__WORK REQUIRED__: For this exercise, the lines from the one with "2014 Nissan Altima" through the end of the material below must be output exactly, without pictures.

__AVAILABLE DATA__:
:::
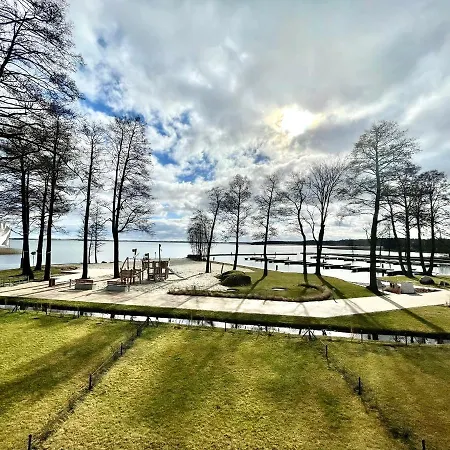 Bajeczny Z Widokiem Na Jezioro W Nautica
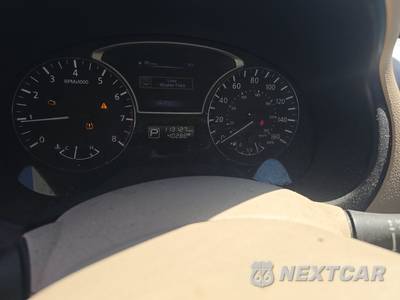 2014 Nissan Altima 2.5 SV - zdjęcie 12 z 33 - miniatura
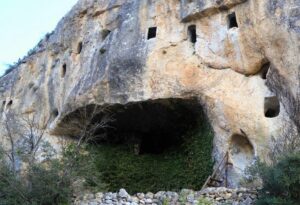 Cueva de Les Finestres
:::
__ANSWER BOX__:
 2014 Nissan Altima 2.5 SV - zdjęcie 12 z 33 - miniatura
 Cueva de Les Finestres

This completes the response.